= WORK INSTRUCTIONS =
From the line with "Brand new in the box Velcro sandals" to the line with "Serviette en papier", output every line below exactly, both ends included. Skip the pictures.

= RECORDS FOR THE TASK =
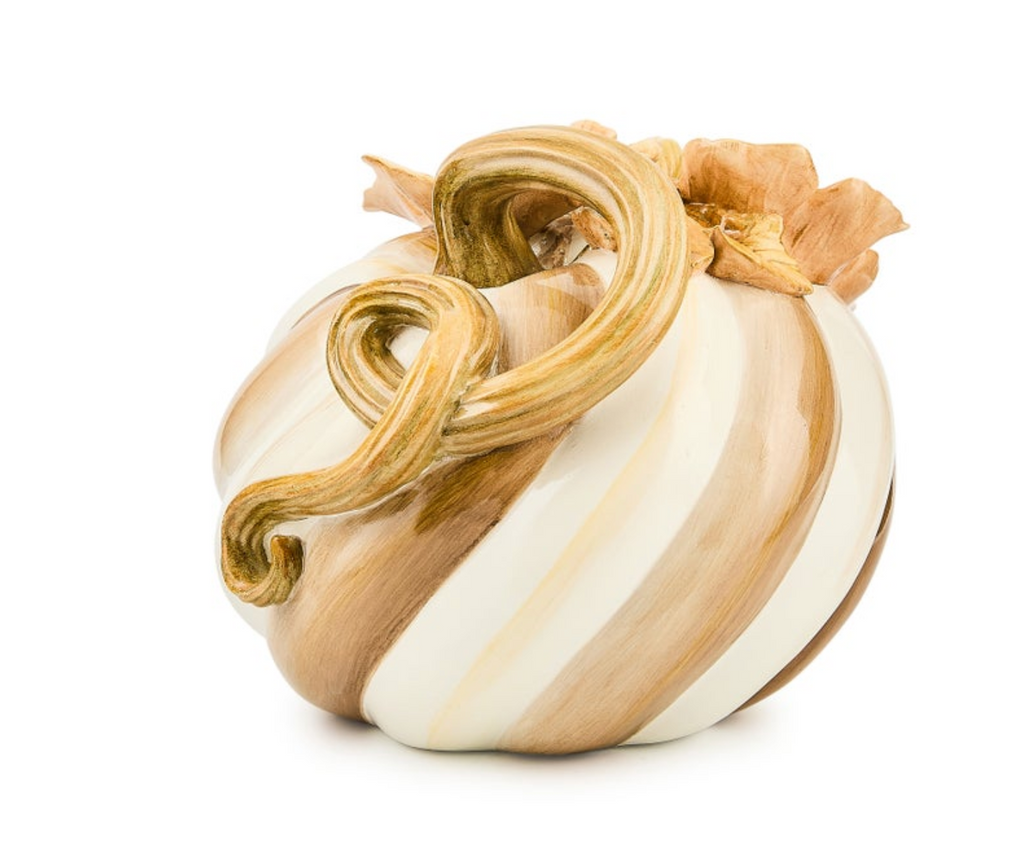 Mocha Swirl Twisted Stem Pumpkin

* * *

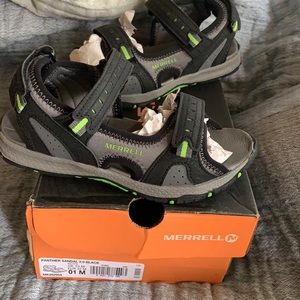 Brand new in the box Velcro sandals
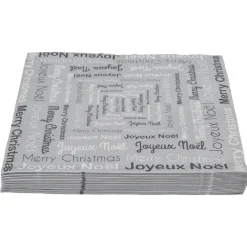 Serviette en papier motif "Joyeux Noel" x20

= COMPLETED TASK =
 Brand new in the box Velcro sandals
 Serviette en papier motif "Joyeux Noel" x20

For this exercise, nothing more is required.